The privacy of your data means a lot to me. I feel very badly about how you shared all your favorite television shows and music and restaurants on Facebook, and how Facebook had the nerve to turn around and show you advertisements that echoed your interests and then sold your information to others. How dare they — and every other online presence — take such advantage of you. But to save you further turmoil, I promise this will be the last time I mention your quaint notions about privacy.
To protect my own readers’ privacy and avoid drawing the wrath of EU bureaucrats who would love to haul my data-careless ass to Brussels for a Zuckerberg-style tongue-lashing, I have made important plain-English updates to my Terms of Service. If you care anything about safeguarding yourself, your data, and me, then you should read and memorize these:
§ 1. If you comment on one of my posts and I disagree with you, I promise that I will only disparage you in the privacy of my own home. But who knows what my wife will say and what she will share. She is not bound by these terms. So, your call.

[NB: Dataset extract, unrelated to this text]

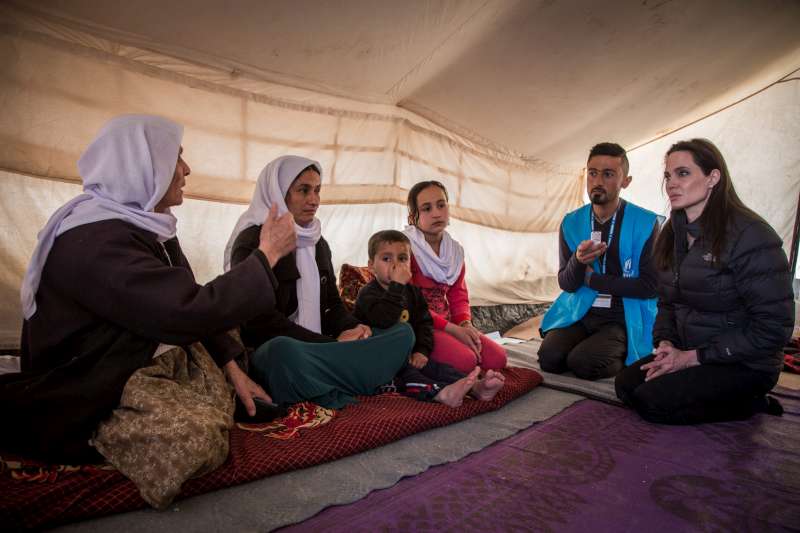 UNHCR Special Envoy Angelina Jolie, in Khanke, meets with three generations of a Yazidi family held for almost five months by militants in Iraq. They managed to escape by hiding when they were due to be moved again, and walked for five days and five nights to safety.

§ 2. If you share your e-mail address when making a comment, I promise to re-use it only when I order weapons from Soldier of Fortune magazine or when I write to the FBI about my shady-looking neighbors and their really annoying little dogs.
§ 3. Under my new policy, I will no longer compile the IP addresses of the visitors of this site, and then brew craft beers, and then name my beers after your IP addresses. Too bad, because the one I was planning to name for Reader 84.188.91.222 was a satisfying brew. On the other hand, Reader 73.99.90.172, your beer tasted like rotted geraniums. You are lucky I tossed that batch before your reputation was sullied.

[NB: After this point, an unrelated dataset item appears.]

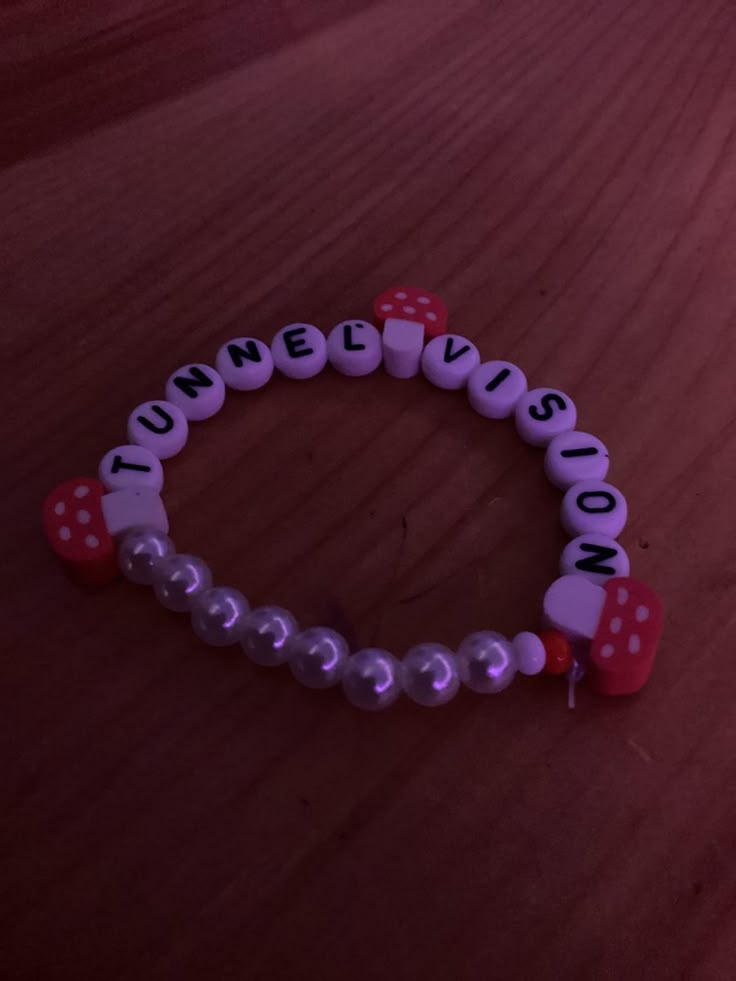 a close up of a beaded bracelet on a wooden surface with the word love spelled in small letters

§ 5. People in Britain pronounce privacy with a short i, to make it sound like principle. But I live in America, and I pronounce privacy with a long i, to make it sound like I don’t care.
§ 6. Visitors who read half of one post and then get tired of The 100 Billionth Person and leave the site (and I know who you are) will be treated the same as people who walk out of a church service during the first hymn. Your IP address will be sent to Franklin Graham, son of the late Billy Graham, for followup and shaming. And roundly deserved, I say.

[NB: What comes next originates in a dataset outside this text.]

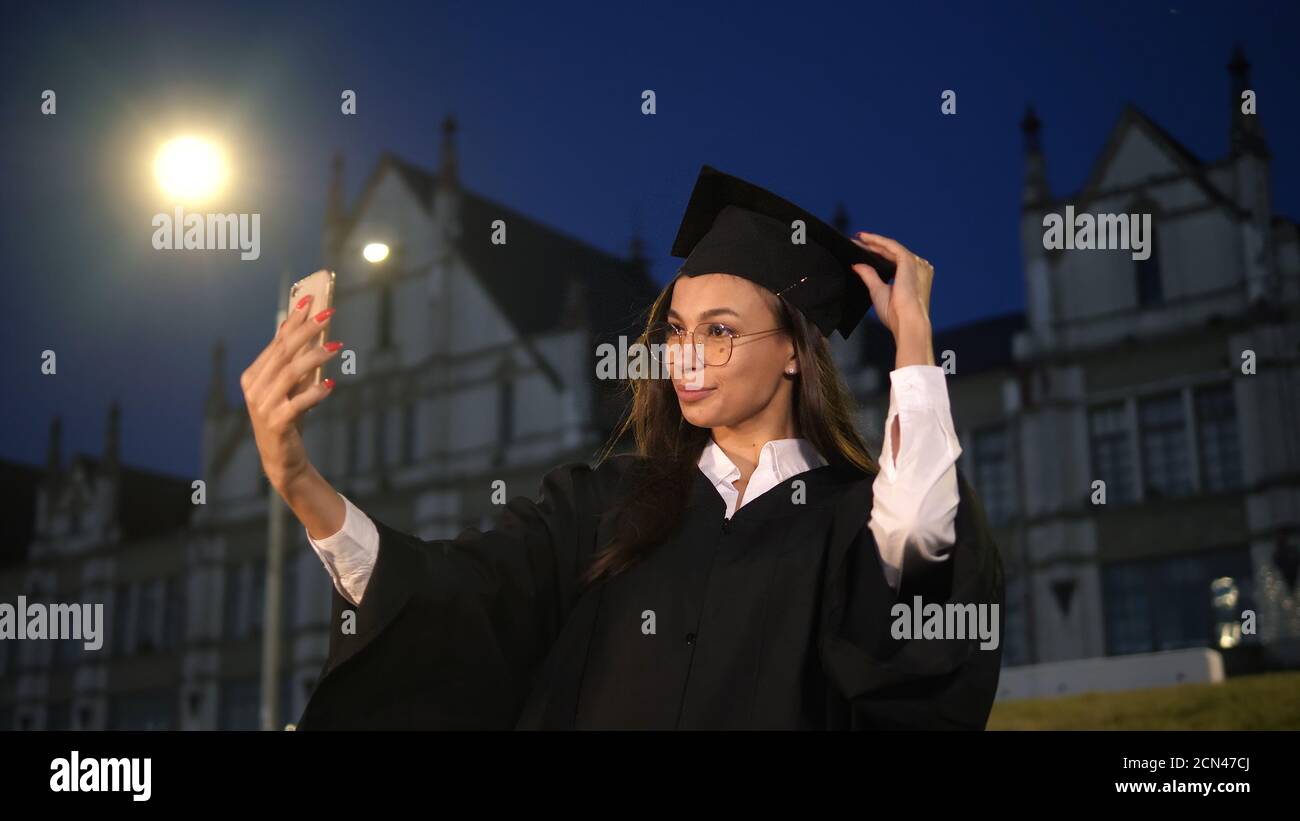 Absolvent Studentin Blick auf ihr selbst in ihrem Telefon und richtet sich ihr Outfit. Stockfoto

§ 7. When you use a mobile device to access The 100 Billionth Person, we may install a tiny data file on your device. This file is a harmless little app that runs in the background and uniquely identifies your device. Also, this app randomly disables one icon every day. It is a fun game, when you think about it, guessing which one of your icons will be the next to disappear.
§ 8. We do not sell your information to advertisers or commercial interests. We tried, but no one was interested.